I’m a terrible Irish person, actually. I don’t like traditional music, I buy sweet potatoes more often than regular ones, and I find the colours of the flag garish and tacky. Every other day of the year I’ll loudly proclaim my nationality, but on March 17th in America if everyone’s jumping on that bandwagon I think I’d rather just jump off.
I’ve put a lot of thought into trying to figure out why this is, and how to explain it to Americans who feel I’m dissing their country’s tradition of celebrating the day, as it has been handed down by generations of emigrants a long time before I showed up with my snobby ideas about how it should be done properly.
The truth is, I don’t like it over there either. I don’t really like to make a big fuss of it. It seems jingoistic, and that’s a word that always went scathingly with “American” in my mind. Little flags and drum majorettes are not something I enjoy no matter what colours they sport, really.
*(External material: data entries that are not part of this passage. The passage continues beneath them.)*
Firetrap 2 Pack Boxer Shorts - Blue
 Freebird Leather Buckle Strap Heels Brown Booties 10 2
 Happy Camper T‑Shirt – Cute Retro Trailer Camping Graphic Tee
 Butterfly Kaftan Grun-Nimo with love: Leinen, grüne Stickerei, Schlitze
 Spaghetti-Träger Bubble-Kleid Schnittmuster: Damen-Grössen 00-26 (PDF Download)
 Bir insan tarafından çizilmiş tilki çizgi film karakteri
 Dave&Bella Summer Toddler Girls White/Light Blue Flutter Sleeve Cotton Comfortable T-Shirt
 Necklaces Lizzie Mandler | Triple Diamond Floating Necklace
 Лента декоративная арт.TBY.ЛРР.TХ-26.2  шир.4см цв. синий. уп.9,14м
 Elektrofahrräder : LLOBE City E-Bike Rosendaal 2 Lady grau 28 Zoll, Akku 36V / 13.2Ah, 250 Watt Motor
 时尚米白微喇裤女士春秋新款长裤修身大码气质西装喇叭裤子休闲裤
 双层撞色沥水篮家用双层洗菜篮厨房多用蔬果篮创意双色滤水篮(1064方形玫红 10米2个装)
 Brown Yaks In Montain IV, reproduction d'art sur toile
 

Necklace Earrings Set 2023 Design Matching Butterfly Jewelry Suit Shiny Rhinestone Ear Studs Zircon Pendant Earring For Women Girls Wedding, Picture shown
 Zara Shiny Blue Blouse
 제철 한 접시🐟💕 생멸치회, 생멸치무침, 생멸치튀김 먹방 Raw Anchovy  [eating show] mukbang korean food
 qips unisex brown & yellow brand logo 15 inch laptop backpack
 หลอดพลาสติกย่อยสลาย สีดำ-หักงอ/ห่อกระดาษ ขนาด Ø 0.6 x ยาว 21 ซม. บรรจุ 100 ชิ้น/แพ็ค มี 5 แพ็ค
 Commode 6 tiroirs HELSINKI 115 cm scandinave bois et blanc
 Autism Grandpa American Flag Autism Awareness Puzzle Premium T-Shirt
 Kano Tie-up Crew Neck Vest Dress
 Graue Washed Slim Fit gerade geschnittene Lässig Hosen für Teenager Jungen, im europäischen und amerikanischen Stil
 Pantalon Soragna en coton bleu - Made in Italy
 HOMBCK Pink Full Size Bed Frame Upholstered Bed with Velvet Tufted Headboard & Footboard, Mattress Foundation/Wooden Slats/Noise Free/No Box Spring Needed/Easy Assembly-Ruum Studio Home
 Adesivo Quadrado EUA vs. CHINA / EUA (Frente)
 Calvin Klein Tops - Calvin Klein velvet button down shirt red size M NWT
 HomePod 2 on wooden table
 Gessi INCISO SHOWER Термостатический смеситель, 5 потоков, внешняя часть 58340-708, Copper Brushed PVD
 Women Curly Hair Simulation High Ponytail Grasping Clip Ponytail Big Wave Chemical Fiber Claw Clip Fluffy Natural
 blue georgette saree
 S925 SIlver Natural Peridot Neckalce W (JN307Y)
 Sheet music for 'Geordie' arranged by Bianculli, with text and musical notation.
But it is what it is, to coin an Irishism: those who are celebrating their national day, the day of their nation, are sometimes a bit put out when those who are celebrating the day of their heritage start to make it their own.
Irish people are pretty sure that, whatever the concrete shortcomings of our country – and there are many, and we will recount them at length for you – Ireland is in fact the best place in the world to be from, and it’s better to be from it, you yourself right now, than to have forebears who were from it.
As a small country with a big history of emigration, we have family all over the globe, and a reputation, deserved or not, for being friendly and welcoming. Everyone loves Irish people. We lap it up, the worldwide loving of us.
Saints and scholars, pints and poets, the green and the gold and the rain and the mists.
Americans (the nice ones, like all my friends) try very hard not to feel superior to anyone else, because they come from a huge and powerful country and wouldn’t want to look pushy. Germans have the terrible history of World War Two drilled into them lest they ever again decide to put themselves above any other nation. But Ireland, presumably like any other small, formerly colonial, country, has no such qualms. We’re jumping up and down at the back of the classroom with our hand up trying to get your attention, and when we do, we feel very entitled to hang on to it by making all sorts of eejits of ourselves so you don’t forget us.
We’re not a threat to anyone, that’s for sure, so all we can do is delight you with our entertaining ways, whether that’s in music or words or acting or donating to charity or being hilarious or drunk or a hilarious drunk or going out of our way to do a favour for a total stranger.
Anyway, I booked a ticket the other day so in a few weeks I’ll be over to inject myself with a quick shot of sea air and rain, Ireland style. Maybe it’ll make me less ranty.